So to keep it short, my bf and I in a healthy and love filled relationship. Recently we had sex and it was like our 2-3 Rd time it was like sooo bad. And after sex he told me that my vagina is not tight…I was aware that different bodies exist and it’s okay and atleast we can try diff poses and tricks to enjoy and resolve this problem. But after that statement even though I know that it’s not a big deal I felt a sudden feeling of anger. I think it was becuz he asked me, do u know why your vainga is that way? and all I could remember was the sexual assault, I had in my childhood. I know he would never make me feel bad about me, but without knowing he really messed me up and now I just don’t want sex for now. He tried to make it up with alots of lovely comments abt my body and declared his love for me but it just made me more angry……I don’t know what’s wrong with me

3 comments
  1. Firstly, I’m so sorry you experienced what you had in your childhood.
    Secondly, nothing is wrong with you.
    Bodies come in all different shapes and sizes. It’s an extremely shameful comment made by your partner. No amount of “nice remarks” balance that out. I’m glad you have a happy relationship outside of this comment but perhaps the anger would subside if you explained how hurtful that comment was to you.

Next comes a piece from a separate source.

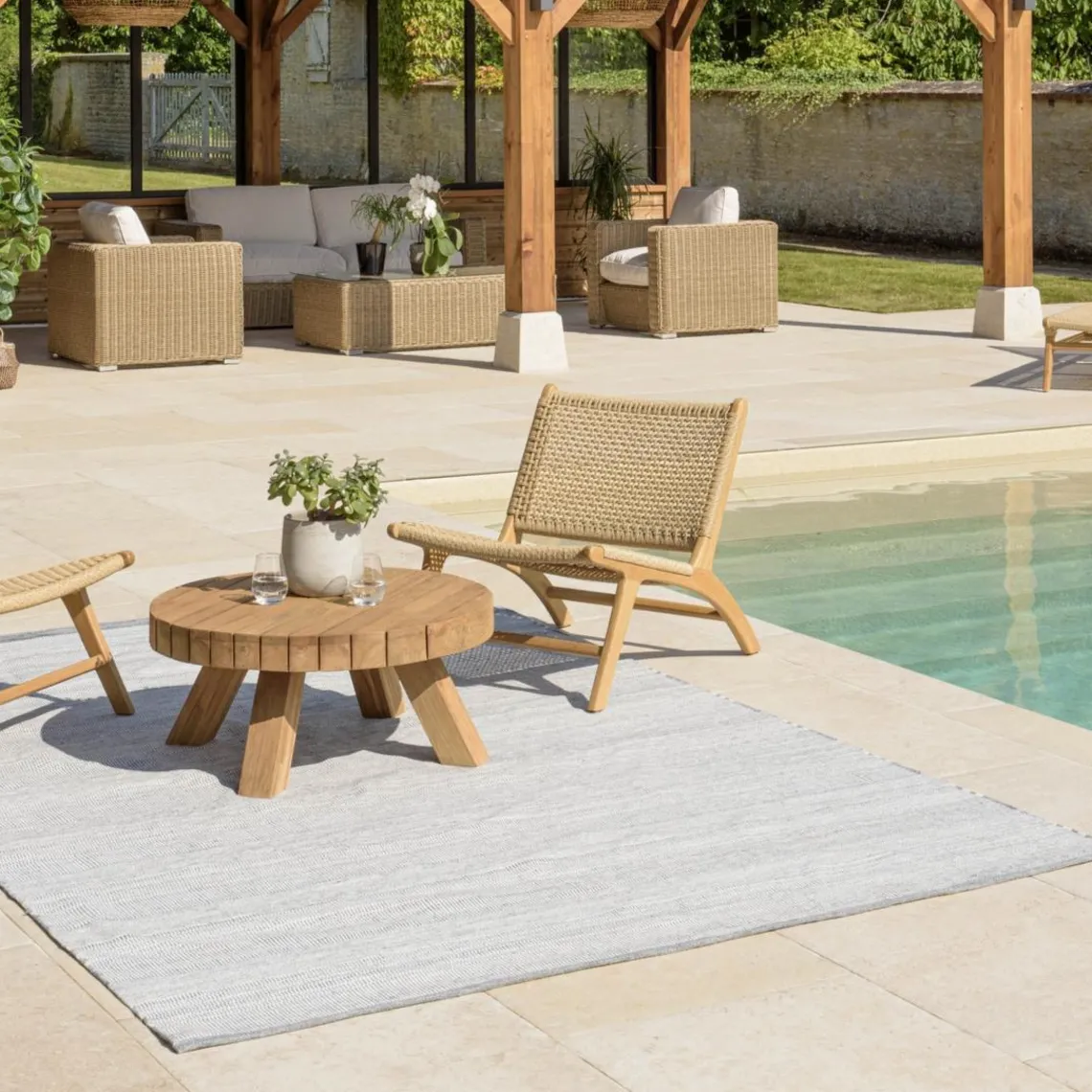 Macabane Tapis d’extérieur rectangulaire gris et blanc QUENTIN Best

  2. As a trauma survivor, my guess is this was extremely triggering. You MUST tell him this, your past, and how it may come up during intimacy. Let him know that comments about your body that you cannot control is absolutely wrong, unnecessary, and damaging. If he at all cares about you, his response will be to accept and care for you regardless. If he doesn’t, get out – he won’t ever understand.
    Take time away from sex. Sweetie, sounds like some healing is in order for you. Have you ever talked to anyone about your assault?

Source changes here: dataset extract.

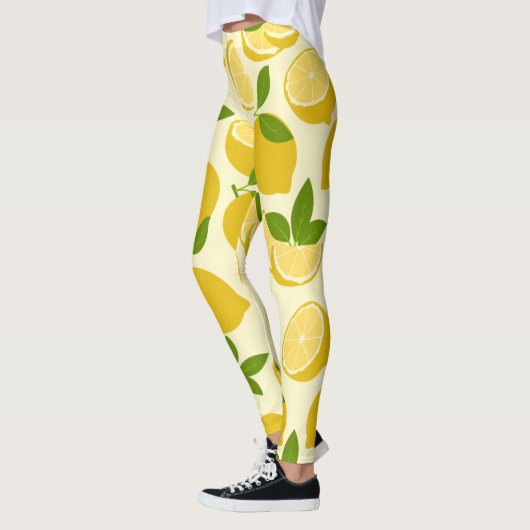Geel eenvoudig lemonpatroonleggen leggings (Links)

    You have every right to feel the way you do. We never get over our trauma. But we do learn to heal and live with the scar. I wish nothing but healing and peace for you.

  3. Girl that is so disrespectful of him. I’d bring it up to him directly, that his comment was upsetting. Ask him how he would feel if you asked why his dick is so small that he can’t even feel your pussy? This has nothing to do with your SA or your vagina, though I know it triggered all that for you. But there is literally nothing wrong with your pussy.

    He needs to realize what a dumbass he is. And maybe ask him about his porn/masturbation habits because it’s much more likely that his problem with your pussy is due to him using death grip when he’s jerking off. He’s probably desensitized himself. And if he’s using porn frequently it’s probably also screwed up his own ability to get aroused by actual sex. This is all a problem with HIM.

    Maybe he’s just being dumb and is inexperienced and ignorant, but I’d keep a close watch for any behavior from him that is focused on blaming or shaming you, deflecting his problems onto you, etc. Abuse victims unfortunately are more likely to get into relationships with abusive people. And from this interaction I’d be VERY wary about staying in a relationship with him. You shouldn’t have to be even MORE vulnerable with him about your past and your body when the problem is about him. He should be here on reddit asking why he didn’t get as much sensation during sex as expected and I guarantee all the comments would be about death grip, porn habits, and trying different positions. None of them would be about you being “loose.” And that’s because the problem is with him and not you.